Integral of exponential of Gauss hypergeometric function

Question

I need to solve the following integral:

$\int \exp \big( -c \ {}_{2}F_{1} \big( 1, -\tfrac{2}{\alpha}, 1 -\tfrac{2}{\alpha}, -d z^{\alpha} \big) \big) z \ \mathrm{d} z$

with $c>0$, $d>0$, and $\alpha>2$.

My attempt was to make

$\tfrac{\mathrm{d}}{\mathrm{d} z} \Big( -c \ {}_{2}F_{1} \big( 1, -\tfrac{2}{\alpha}, 1 -\tfrac{2}{\alpha}, -d z^{\alpha} \big) \Big) = \tfrac{2 c}{z} \Big( \tfrac{1}{1+dz^\alpha} - {}_{2}F_{1} \big( 1, -\tfrac{2}{\alpha}, 1 -\tfrac{2}{\alpha}, -d z^{\alpha} \big) \Big)$

appear outside the exponential and use $\int u \ \mathrm{d} v = u v \int v \ \mathrm{d} u$ with $u = \tfrac{z}{\frac{\mathrm{d}}{\mathrm{d} z} \big( -c {}_{2}F_{1} ( 1, -\frac{2}{\alpha}, 1 -\frac{2}{\alpha}, -d z^{\alpha}) \big)}$ and $v = \exp \big( -c \ {}_{2}F_{1} \big( 1, -\tfrac{2}{\alpha}, 1 -\tfrac{2}{\alpha}, -d z^{\alpha} \big) \big)$, but apparently it doens't make it any simpler.

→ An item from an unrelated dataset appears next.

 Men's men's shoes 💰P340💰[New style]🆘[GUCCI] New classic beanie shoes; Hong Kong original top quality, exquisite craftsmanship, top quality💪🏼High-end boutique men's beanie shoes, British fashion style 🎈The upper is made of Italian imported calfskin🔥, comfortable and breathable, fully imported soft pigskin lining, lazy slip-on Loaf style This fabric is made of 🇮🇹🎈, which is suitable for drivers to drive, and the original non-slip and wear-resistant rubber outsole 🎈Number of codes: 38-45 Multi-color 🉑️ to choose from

If it's of any help, I've obtained the primitive

$\int {}_{2}F_{1} \big( 1, -\tfrac{2}{\alpha}, 1 -\tfrac{2}{\alpha}, -d z^{\alpha} \big) \ \mathrm{d} z = \tfrac{r}{3} \Big( {}_{2}F_{1} \big( 1, -\tfrac{2}{\alpha}, 1 -\tfrac{2}{\alpha}, -d z^{\alpha} \big) + 2 {}_{2}F_{1} \big( 1, \tfrac{1}{\alpha}, 1 + \tfrac{1}{\alpha}, -d z^{\alpha} \big) \Big).$

Answer 1

Let us start simplifying the notation by noticing that $$ f_\alpha(z)\stackrel{\text{def}}{=}\phantom{}_2 F_1\left(1,-\frac{2}{\alpha};1-\frac{2}{\alpha};z\right) = -\sum_{n\geq 0}\frac{2}{\alpha n-2}z^n=1-\sum_{n\geq 1}\frac{2z^n}{\alpha n\color{red}{-2}} \tag{1}$$ If the red term were absent, we would simply have $f_\alpha(z)=1-\frac{2}{\alpha}\log(1-z)$, and the given integral, up to the substitution $z\mapsto z^{1/\alpha}$, would simply be a value of an incomplete Beta function. Now it would be really useful to know if you are interested in a simple closed form for a primitive (that probably does not exist) or if the integration range is fixed and you are good with accurate approximations or asymptotics for large $\alpha$s. Please let me know and I will improve the current answer accordingly.